Lets see if the KGB can make you talk.
Actually they tried to four times in my life IIRC but failed. It
wasn't Stalin's original KGB (called OGPU at those times) though.
What would be the preferred TinyScheme syntax for passing a list to a BASIC array?
It would be OK if general syntax is
(foreign-call <BASIC-foo-name> [<param1> <param2> . . . <paramn>])foreign-call can also be
foreign-function.
BASIC-foo-name is the name of the function or sub you're actually calling. Optional
param's can be of any type that Tinyscheme can pass and BASIC can accept. Any of the
param's can be distinct data objects (separate chars, numbers, strings), char and number vectors (i.e. arrays), or lists containing any of the aforementioned data objects in any combination. A
param can also be an expression result, e.g.
(+ 2 2) or the name of a variable that refers to any of the aforesaid objects, in which case the variable's value is passed as the actual parameter.
That's what I've seen in the LISP languages so far.
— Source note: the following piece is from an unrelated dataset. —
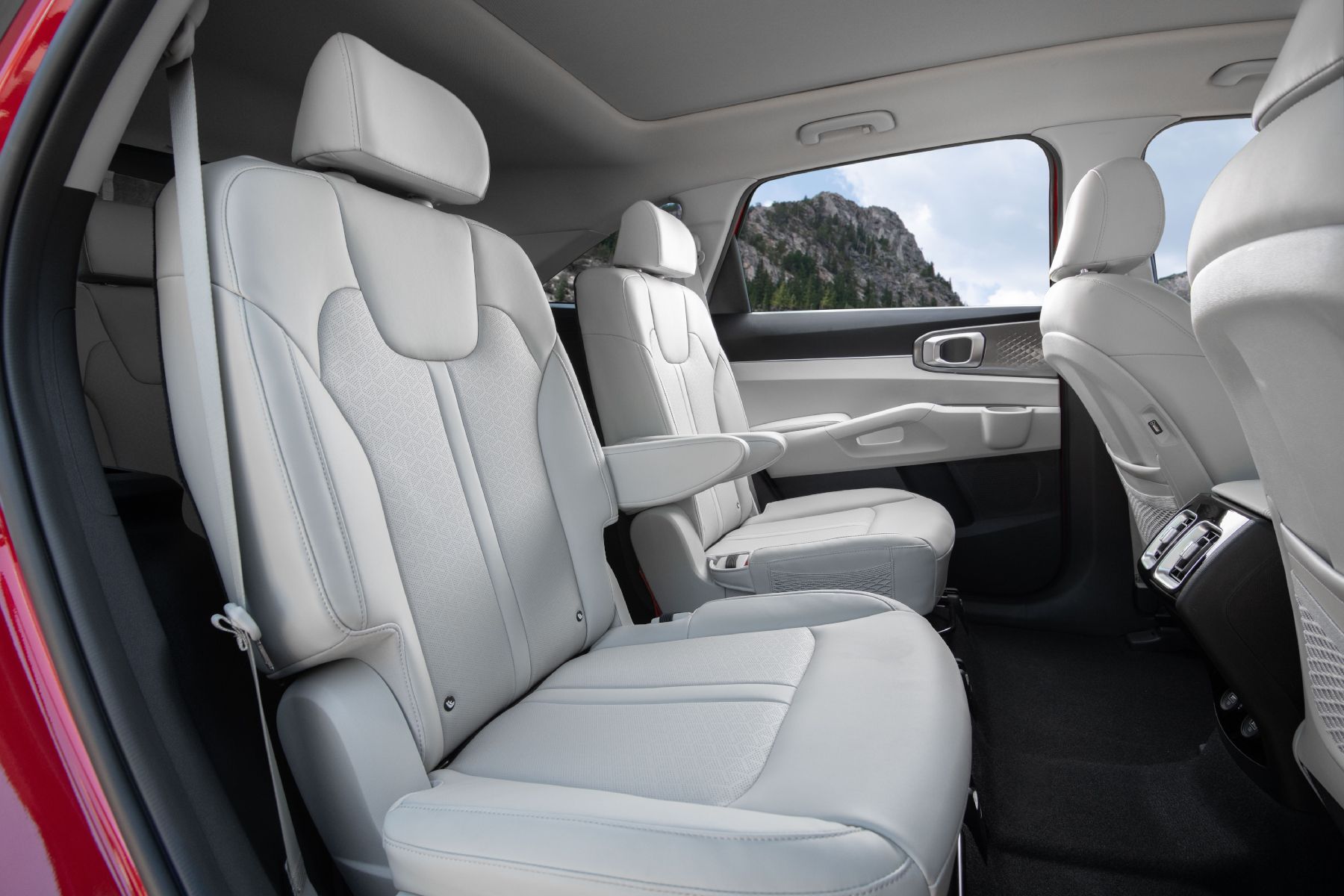 Interior of the 2022 Kia Sorento Hybrid showing the second-row captain seats.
Perhaps Rob can suggest something better.
P.S. Lists are usually expressed through the name of the variable that actually refers to the list in question, or through an expression that returns a list, e.g.
(list 1 2 3 4 5). An empty list is denoted as
() or
'() and would evaluate to 0 in such a language as SB. In BASIC's that recognize pointers, an empty list would also evaluate to a void zero pointer, or NULL.